> Prompt
From the line that contains "Pánska kožená bunda" to the last line of the records below, retype each line exactly; leave out everything else.

> Given data
—————
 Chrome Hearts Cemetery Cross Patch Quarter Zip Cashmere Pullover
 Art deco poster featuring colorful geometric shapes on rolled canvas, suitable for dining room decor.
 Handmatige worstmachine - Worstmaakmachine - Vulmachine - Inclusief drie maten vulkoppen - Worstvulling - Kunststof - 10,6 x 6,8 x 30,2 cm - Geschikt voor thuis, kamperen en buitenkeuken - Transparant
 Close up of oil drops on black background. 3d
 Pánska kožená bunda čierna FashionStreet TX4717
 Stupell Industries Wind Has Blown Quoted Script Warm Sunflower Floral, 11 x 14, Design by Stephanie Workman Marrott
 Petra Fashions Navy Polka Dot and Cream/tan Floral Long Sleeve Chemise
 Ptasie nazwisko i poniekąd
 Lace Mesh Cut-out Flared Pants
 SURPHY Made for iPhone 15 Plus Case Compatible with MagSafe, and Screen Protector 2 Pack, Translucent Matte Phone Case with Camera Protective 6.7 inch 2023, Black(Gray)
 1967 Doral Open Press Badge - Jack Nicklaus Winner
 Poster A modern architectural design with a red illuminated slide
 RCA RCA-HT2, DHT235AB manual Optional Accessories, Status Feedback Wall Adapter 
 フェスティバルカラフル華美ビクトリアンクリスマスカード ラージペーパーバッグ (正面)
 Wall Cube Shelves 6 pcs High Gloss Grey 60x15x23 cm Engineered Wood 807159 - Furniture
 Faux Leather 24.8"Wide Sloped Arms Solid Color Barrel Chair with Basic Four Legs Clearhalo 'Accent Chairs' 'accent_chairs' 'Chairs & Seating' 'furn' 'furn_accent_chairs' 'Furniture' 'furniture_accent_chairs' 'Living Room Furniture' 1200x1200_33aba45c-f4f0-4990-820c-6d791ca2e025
—————
> Answer
 Pánska kožená bunda čierna FashionStreet TX4717
 Stupell Industries Wind Has Blown Quoted Script Warm Sunflower Floral, 11 x 14, Design by Stephanie Workman Marrott
 Petra Fashions Navy Polka Dot and Cream/tan Floral Long Sleeve Chemise
 Ptasie nazwisko i poniekąd
 Lace Mesh Cut-out Flared Pants
 SURPHY Made for iPhone 15 Plus Case Compatible with MagSafe, and Screen Protector 2 Pack, Translucent Matte Phone Case with Camera Protective 6.7 inch 2023, Black(Gray)
 1967 Doral Open Press Badge - Jack Nicklaus Winner
 Poster A modern architectural design with a red illuminated slide
 RCA RCA-HT2, DHT235AB manual Optional Accessories, Status Feedback Wall Adapter 
 フェスティバルカラフル華美ビクトリアンクリスマスカード ラージペーパーバッグ (正面)
 Wall Cube Shelves 6 pcs High Gloss Grey 60x15x23 cm Engineered Wood 807159 - Furniture
 Faux Leather 24.8"Wide Sloped Arms Solid Color Barrel Chair with Basic Four Legs Clearhalo 'Accent Chairs' 'accent_chairs' 'Chairs & Seating' 'furn' 'furn_accent_chairs' 'Furniture' 'furniture_accent_chairs' 'Living Room Furniture' 1200x1200_33aba45c-f4f0-4990-820c-6d791ca2e025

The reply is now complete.